** DATA TO EXAMINE follows **
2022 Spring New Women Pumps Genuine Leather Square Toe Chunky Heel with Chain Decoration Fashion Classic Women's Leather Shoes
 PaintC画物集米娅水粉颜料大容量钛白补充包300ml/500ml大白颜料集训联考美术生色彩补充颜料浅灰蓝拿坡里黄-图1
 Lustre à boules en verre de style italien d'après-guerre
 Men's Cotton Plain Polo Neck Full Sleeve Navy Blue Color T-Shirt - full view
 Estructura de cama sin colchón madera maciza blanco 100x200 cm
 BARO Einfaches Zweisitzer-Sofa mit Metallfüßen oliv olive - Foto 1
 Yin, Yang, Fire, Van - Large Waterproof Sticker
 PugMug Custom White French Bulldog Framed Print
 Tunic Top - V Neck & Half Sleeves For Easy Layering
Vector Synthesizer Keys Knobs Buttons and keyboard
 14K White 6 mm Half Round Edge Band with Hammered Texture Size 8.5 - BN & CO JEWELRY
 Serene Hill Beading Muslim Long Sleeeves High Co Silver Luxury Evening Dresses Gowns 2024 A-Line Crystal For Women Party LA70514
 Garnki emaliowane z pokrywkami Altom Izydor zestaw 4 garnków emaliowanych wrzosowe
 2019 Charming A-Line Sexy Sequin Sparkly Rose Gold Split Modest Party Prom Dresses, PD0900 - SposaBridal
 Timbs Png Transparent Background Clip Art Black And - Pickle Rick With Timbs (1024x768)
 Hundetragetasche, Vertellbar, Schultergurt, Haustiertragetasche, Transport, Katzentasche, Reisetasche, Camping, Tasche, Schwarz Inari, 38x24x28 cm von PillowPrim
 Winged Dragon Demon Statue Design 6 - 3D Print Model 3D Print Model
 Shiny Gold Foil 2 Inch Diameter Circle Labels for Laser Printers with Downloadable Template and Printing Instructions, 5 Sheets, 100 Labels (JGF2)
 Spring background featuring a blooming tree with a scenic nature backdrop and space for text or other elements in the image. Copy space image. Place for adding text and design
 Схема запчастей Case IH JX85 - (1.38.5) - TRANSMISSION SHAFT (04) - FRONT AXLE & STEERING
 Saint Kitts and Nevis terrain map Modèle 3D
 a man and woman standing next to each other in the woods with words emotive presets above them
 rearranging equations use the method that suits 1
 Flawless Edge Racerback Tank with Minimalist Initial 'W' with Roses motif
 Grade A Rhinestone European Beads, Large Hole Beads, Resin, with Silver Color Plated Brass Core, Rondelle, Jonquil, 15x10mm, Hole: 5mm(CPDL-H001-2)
** End of DATA TO EXAMINE **
* REQUIRED ACTION
Output, unchanged, the lines of the listing above from the first one through the one holding "Lustre à boules". Leave out every line after it.

* COMPLETED EXERCISE
2022 Spring New Women Pumps Genuine Leather Square Toe Chunky Heel with Chain Decoration Fashion Classic Women's Leather Shoes
 PaintC画物集米娅水粉颜料大容量钛白补充包300ml/500ml大白颜料集训联考美术生色彩补充颜料浅灰蓝拿坡里黄-图1
 Lustre à boules en verre de style italien d'après-guerre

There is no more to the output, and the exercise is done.